*WHAT YOU HAVE TO DO*
From the records below, please repeat exactly the line that has "Life Is Better", the line that has "La Fe Fruit", and every line between them, and nothing else.
################
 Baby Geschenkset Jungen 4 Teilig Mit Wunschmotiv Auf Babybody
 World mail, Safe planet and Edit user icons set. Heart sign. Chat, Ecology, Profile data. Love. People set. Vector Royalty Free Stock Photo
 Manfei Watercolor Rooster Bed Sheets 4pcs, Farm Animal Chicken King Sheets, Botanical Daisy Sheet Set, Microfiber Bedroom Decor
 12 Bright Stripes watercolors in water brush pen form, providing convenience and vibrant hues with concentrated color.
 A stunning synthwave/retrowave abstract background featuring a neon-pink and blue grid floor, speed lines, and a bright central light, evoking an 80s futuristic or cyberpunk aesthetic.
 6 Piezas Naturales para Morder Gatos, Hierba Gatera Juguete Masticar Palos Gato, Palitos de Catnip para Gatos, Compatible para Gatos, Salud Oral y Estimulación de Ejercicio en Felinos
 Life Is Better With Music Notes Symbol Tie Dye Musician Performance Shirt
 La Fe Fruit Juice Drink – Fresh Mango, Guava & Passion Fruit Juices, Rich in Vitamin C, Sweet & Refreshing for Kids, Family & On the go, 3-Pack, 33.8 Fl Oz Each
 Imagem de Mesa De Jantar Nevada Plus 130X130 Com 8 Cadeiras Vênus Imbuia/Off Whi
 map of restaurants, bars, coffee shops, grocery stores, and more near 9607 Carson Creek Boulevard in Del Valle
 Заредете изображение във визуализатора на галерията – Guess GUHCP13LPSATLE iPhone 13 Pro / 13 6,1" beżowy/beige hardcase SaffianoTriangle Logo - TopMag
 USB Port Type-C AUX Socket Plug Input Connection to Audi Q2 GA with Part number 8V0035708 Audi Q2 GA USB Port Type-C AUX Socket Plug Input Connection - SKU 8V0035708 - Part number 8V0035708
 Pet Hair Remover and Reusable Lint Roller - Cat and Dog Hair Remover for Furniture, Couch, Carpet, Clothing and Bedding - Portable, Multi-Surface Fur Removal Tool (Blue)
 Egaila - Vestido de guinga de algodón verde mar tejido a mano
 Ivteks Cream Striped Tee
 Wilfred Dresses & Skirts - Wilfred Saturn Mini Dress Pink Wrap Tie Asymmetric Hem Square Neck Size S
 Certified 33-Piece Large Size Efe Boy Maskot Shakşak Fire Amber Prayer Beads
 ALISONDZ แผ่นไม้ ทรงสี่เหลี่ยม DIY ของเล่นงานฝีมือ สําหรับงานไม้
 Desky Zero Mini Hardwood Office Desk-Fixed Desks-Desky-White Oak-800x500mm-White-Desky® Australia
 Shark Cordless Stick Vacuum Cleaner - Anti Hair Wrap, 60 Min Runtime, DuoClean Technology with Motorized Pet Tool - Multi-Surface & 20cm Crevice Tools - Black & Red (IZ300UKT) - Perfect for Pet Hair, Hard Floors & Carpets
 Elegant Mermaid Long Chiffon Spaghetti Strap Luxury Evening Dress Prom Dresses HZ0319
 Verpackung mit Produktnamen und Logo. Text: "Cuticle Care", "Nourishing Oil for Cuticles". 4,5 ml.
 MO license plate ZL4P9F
################
*RESULT*
 Life Is Better With Music Notes Symbol Tie Dye Musician Performance Shirt
 La Fe Fruit Juice Drink – Fresh Mango, Guava & Passion Fruit Juices, Rich in Vitamin C, Sweet & Refreshing for Kids, Family & On the go, 3-Pack, 33.8 Fl Oz Each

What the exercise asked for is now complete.